Progress didn’t seem to be as rapid as the company had hoped, as it last year announced that it would be using audits to enforce its requirements.
2025 Apple recycling targets
Apple has now set three new recycling targets, which it plans to hit by 2025:
- 100% recycled cobalt in Apple-designed batteries
- 100% recycled rare earth elements in all magnets in Apple devices
- Printed circuit boards to use 100% recycled gold plating and solder tin
The company says that it has already made rapid progress toward these targets.
Apple has significantly expanded the use of 100 percent certified recycled cobalt over the past three years, making it possible to include in all Apple-designed batteries by 2025. In 2022, a quarter of all cobalt found in Apple products came from recycled material, up from 13 percent the previous year […]

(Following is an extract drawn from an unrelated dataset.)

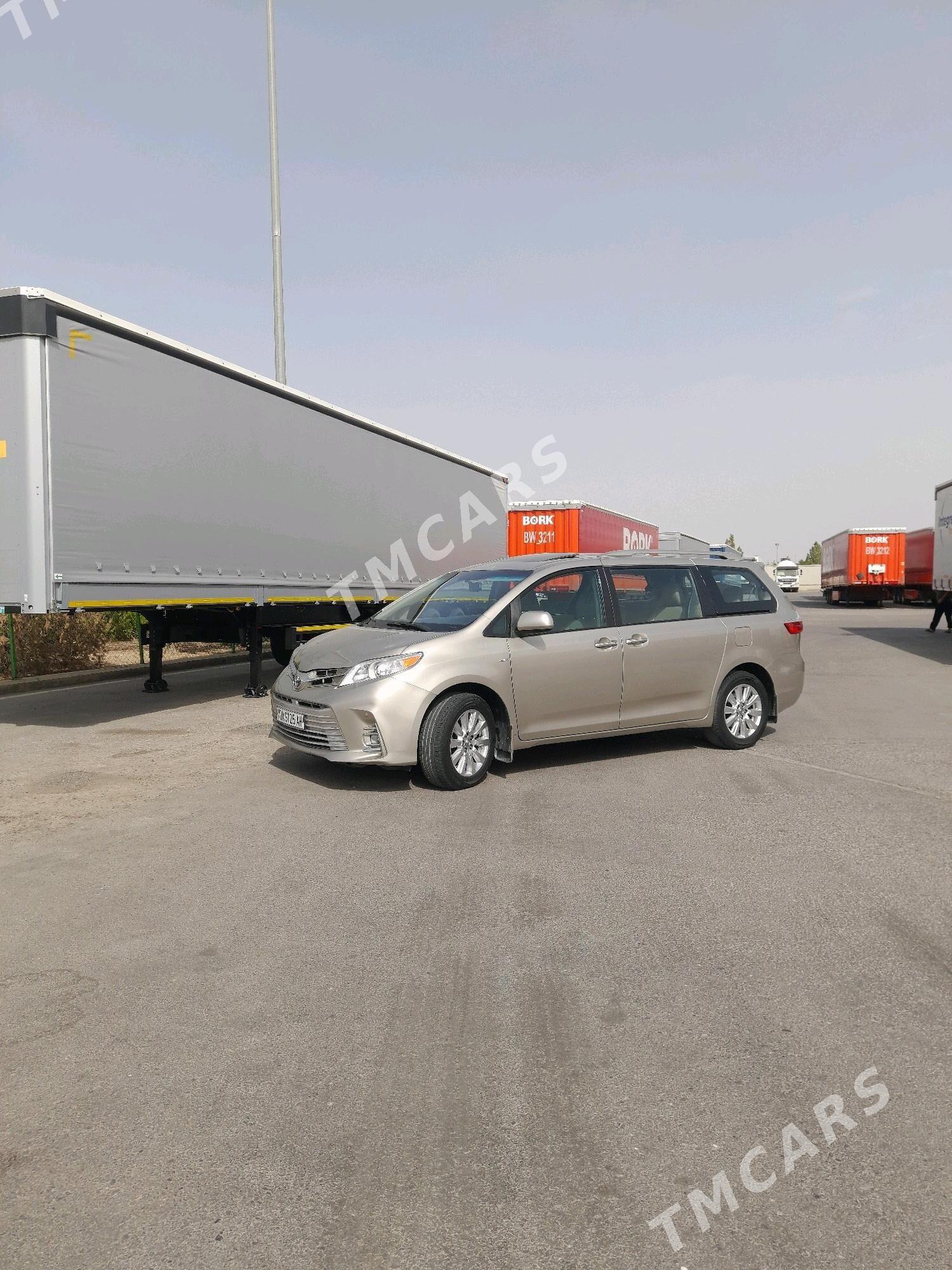 Toyota Sienna 2017 - 365 000 TMT - Gökdepe - img 5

The company’s use of 100 percent certified recycled rare earth elements has greatly expanded in the last year as well, going from 45 percent in 2021 to 73 percent in 2022. Since first introducing recycled rare earths in the Taptic Engine of iPhone 11, Apple has expanded its use of the material across its devices, including in all magnets found in the latest iPhone, iPad, Apple Watch, MacBook, and Mac models […]
As part of the accelerated new timeline, all Apple-designed printed circuit boards will use 100 percent certified recycled gold plating by 2025. This includes rigid boards, such as the main logic board, and flexible boards, like those connecting to the cameras or buttons in iPhone. Since pioneering an exclusively recycled supply chain for gold in the plating of the main logic board for iPhone 13, Apple has extended the material’s use in additional components and products, including the wire of all cameras in the iPhone 14 lineup, and printed circuit boards of iPad, Apple Watch, AirPods Pro, MacBook Pro, Mac mini, and HomePod […]
Apple’s use of recycled tin has expanded to the solder of many flexible printed circuit boards across Apple products, with 38 percent of all tin used last year coming from recycled sources. The application of recycled tin across even more components is underway, and the company is engaging more suppliers in this effort.
Apple says it is also most of the way toward its existing 2025 goal of eliminating all plastics from its packaging. Just 4% of plastic remains, in things like labels, and the company says that it has a number of initiatives designed to eliminate this.
In the last year, Apple developed a custom printer to introduce digital printing directly onto the boxes of iPhone 14 and iPhone 14 Pro, eliminating the need for most labels. And a new overprint varnish found in iPad Air, iPad Pro, and Apple Watch Series 8 packaging replaces the polypropylene plastic lamination found on boxes and packaging components.
These are all part of the 14 materials Apple has prioritized based on the amount of each used in the production of the company’s products: aluminum, cobalt, copper, glass, gold, lithium, paper, plastics, rare earth elements, steel, tantalum, tin, tungsten, and zinc.